_Listed entries_:
────

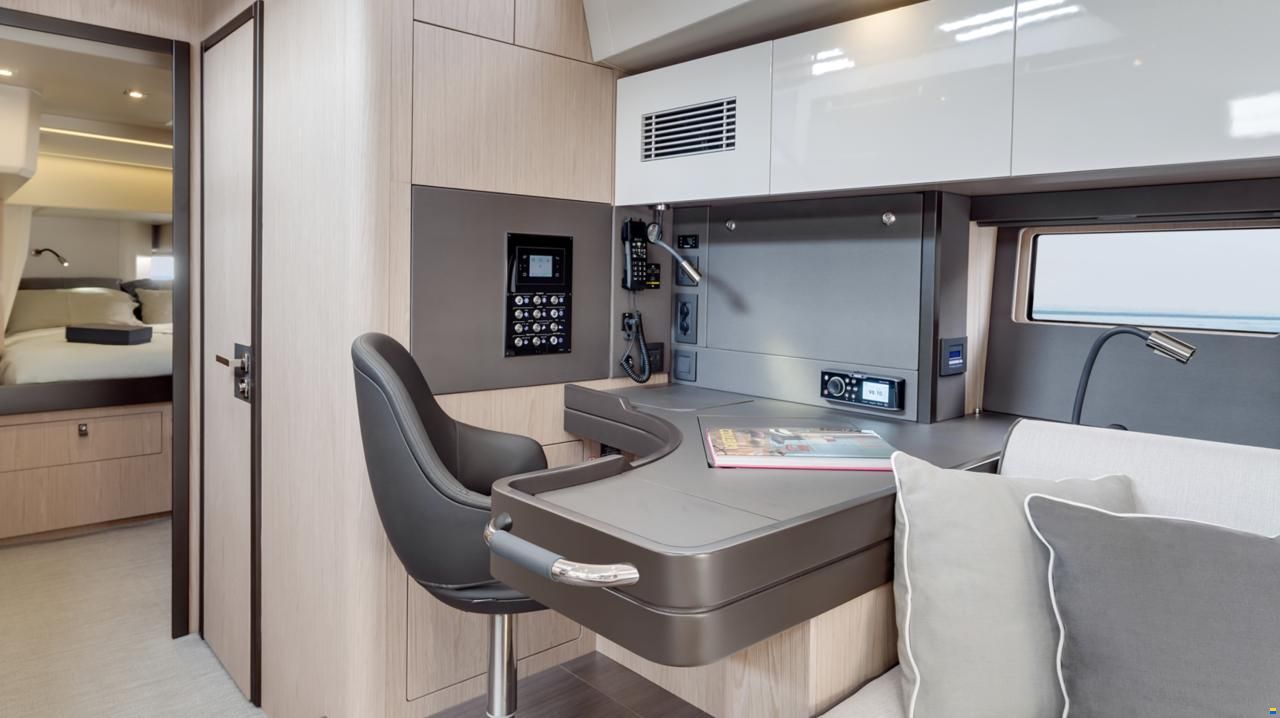 Beneteau Oceanis Yacht 62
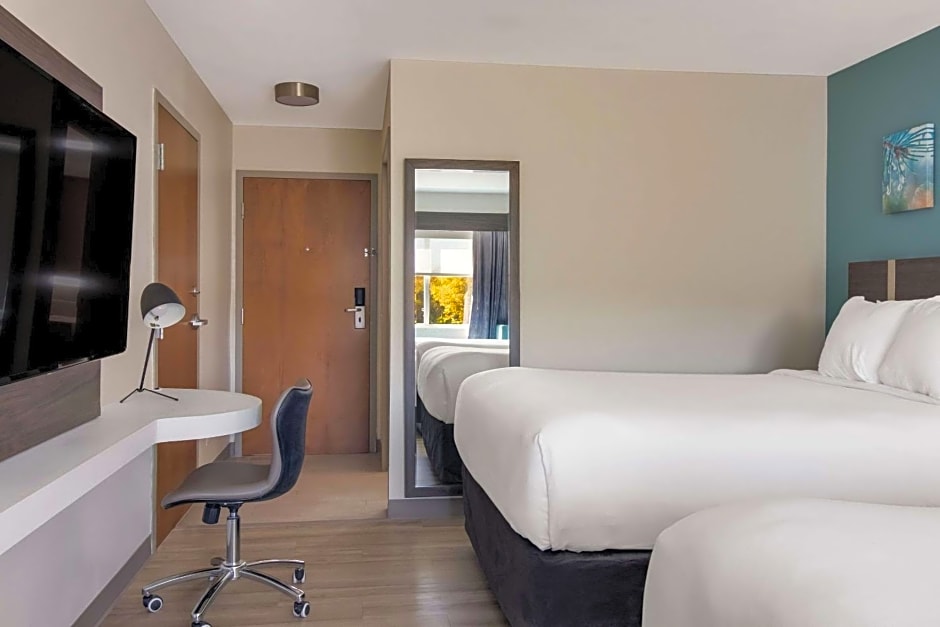 Sleep Inn & Suites Clarion, PA near I-80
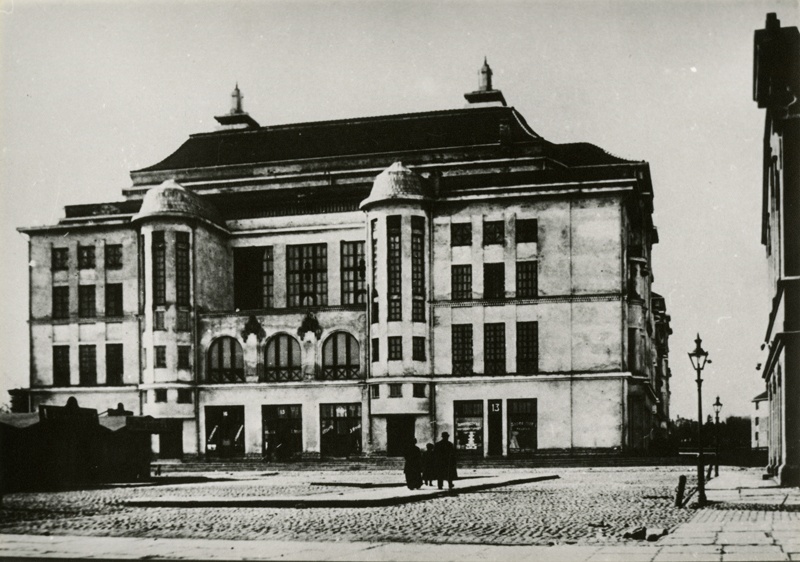 Estonia teater, vaade hoonele otsalt. Arhitektid Armas Lindgren ja Wivi Lönn
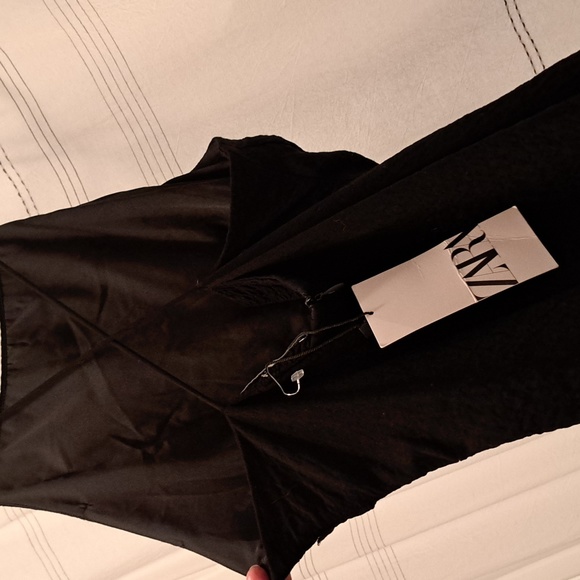 Zara women's xs little black dress, backless, criss cross thin straps, new w tag - Picture 2 of 8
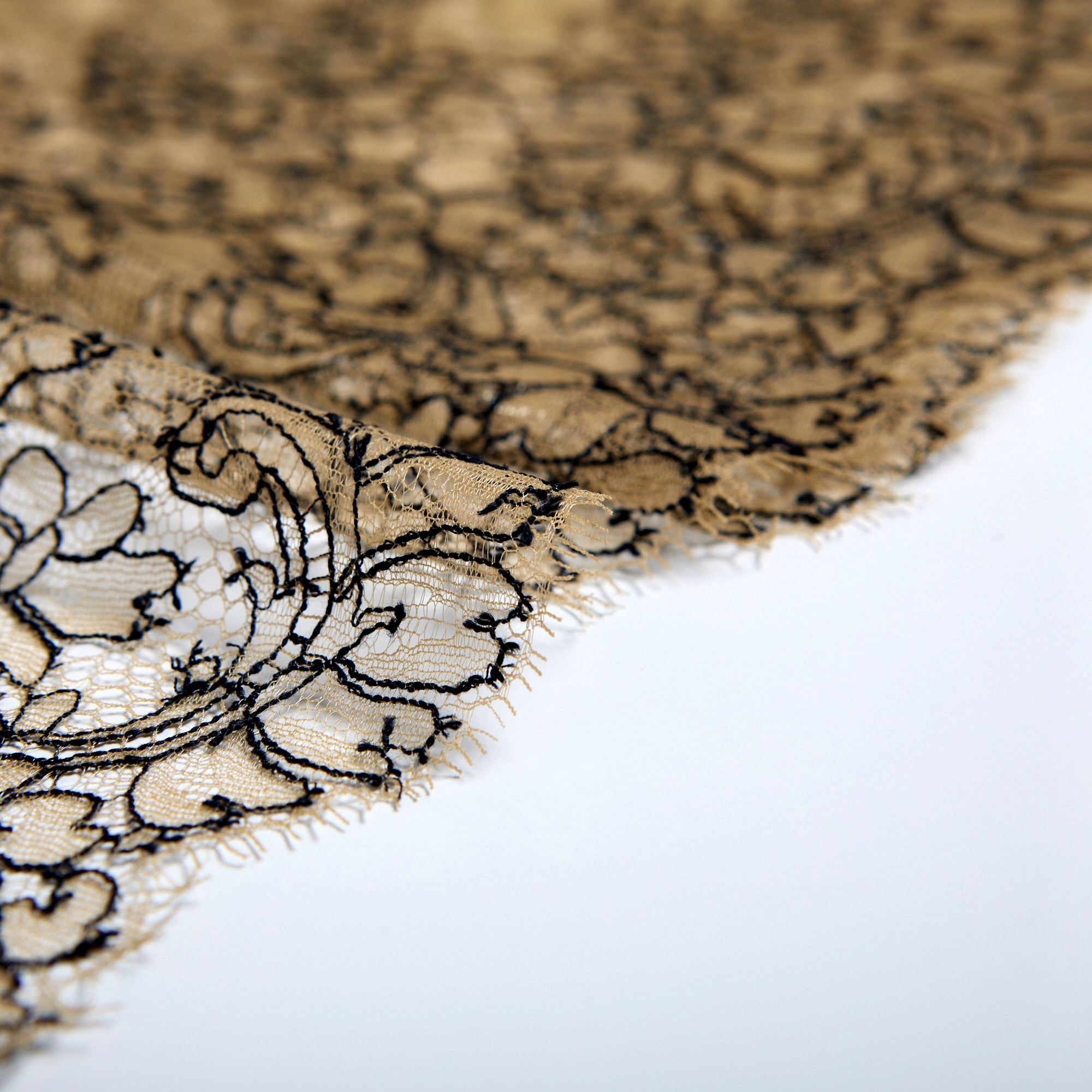 Кружево Неэластичное 184000-V21-NV004-033 (Бежевый, E945-SABLE NOIR, БП)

────

_What needs to be done_: Output exactly and only the lines from the line containing "Sleep Inn & Suites Clarion, PA near I-80" to the end of the entries, both included, and omit every picture.

_Result of the exercise_:
 Sleep Inn & Suites Clarion, PA near I-80
 Estonia teater, vaade hoonele otsalt. Arhitektid Armas Lindgren ja Wivi Lönn
 Zara women's xs little black dress, backless, criss cross thin straps, new w tag - Picture 2 of 8
 Кружево Неэластичное 184000-V21-NV004-033 (Бежевый, E945-SABLE NOIR, БП)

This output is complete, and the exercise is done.